Mon Nov 13 03:39:21 2023 daemon.info Keepalived_vrrp[2778]: Printing VRRP as json for process(2778) on signal
Mon Nov 13 03:39:21 2023 daemon.info Keepalived_vrrp[2778]: Printing VRRP as json for process(2778) on signal
A part from the log flooded with "Printing VRRP as json..."; it shows:
- becoming MASTER for both the virtual IPs (named "primary" and "secondary").
- the ethernet link going down/up 3 times. That's the cable connecting r1 to r3; as r1 is rebooting, r3 looses the ethernet link. That link is in r3's br-lan bridge; ie: the network interface being "lan" on r3, the one dnsmasq is serving dhcp on.
- r3 goes back to BACKUP state for both the virtual IPs as soon as it receives a new probe from r1 and r2.
- my ssh terminal resets the connection to dropbear (as my terminal is wired to r1 as well, so it looses link as well when I reboot r1).
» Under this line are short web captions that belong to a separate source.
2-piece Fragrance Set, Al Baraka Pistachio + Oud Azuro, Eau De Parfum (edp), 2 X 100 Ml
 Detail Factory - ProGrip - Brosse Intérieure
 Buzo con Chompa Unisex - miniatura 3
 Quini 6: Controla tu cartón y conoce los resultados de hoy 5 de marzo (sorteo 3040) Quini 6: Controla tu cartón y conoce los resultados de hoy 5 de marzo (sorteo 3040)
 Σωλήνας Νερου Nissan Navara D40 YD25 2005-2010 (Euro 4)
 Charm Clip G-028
So, yes, looks like the wireless interfaces on wan are innocent. It's the lan ethernet link resetting on reboot; and r1 booting makes r3's ethernet link go down/up 3 times, the same number of dnsmasq restarts. Then procd detects a faulty condition and doesn't start dnsmasq anymore.
At this point I should place a switch between the routers, as it should be. But I don't have one handy; I had to remove the one I had a few days ago... a storm cooked it and now there's AC on the ethernet cables connected to it... it's a good tesla coil rather than a switch...
My peculiar situation aside, where a switch is missing between the 2 routers; my humble advice to openwrt's devs is to raise the respawn limits for procd to 5, as @hnyman stated above. Make it default for openwrt.
I didn't check why the ethernet link goes down/up three times but I imagine being kind of normal for a device rebooting and having the ethernet interface in a bridge. So, it's a pretty common setup for consumer grade equipment (ie: many users don't have an l2 switch and an l3 router; they just have 1 device to make it all). Good to have a respawn limit but 3 sounds a bit too strict.
I'll report once more once the issue is solved. Just to confirm the things stated in this message are correct.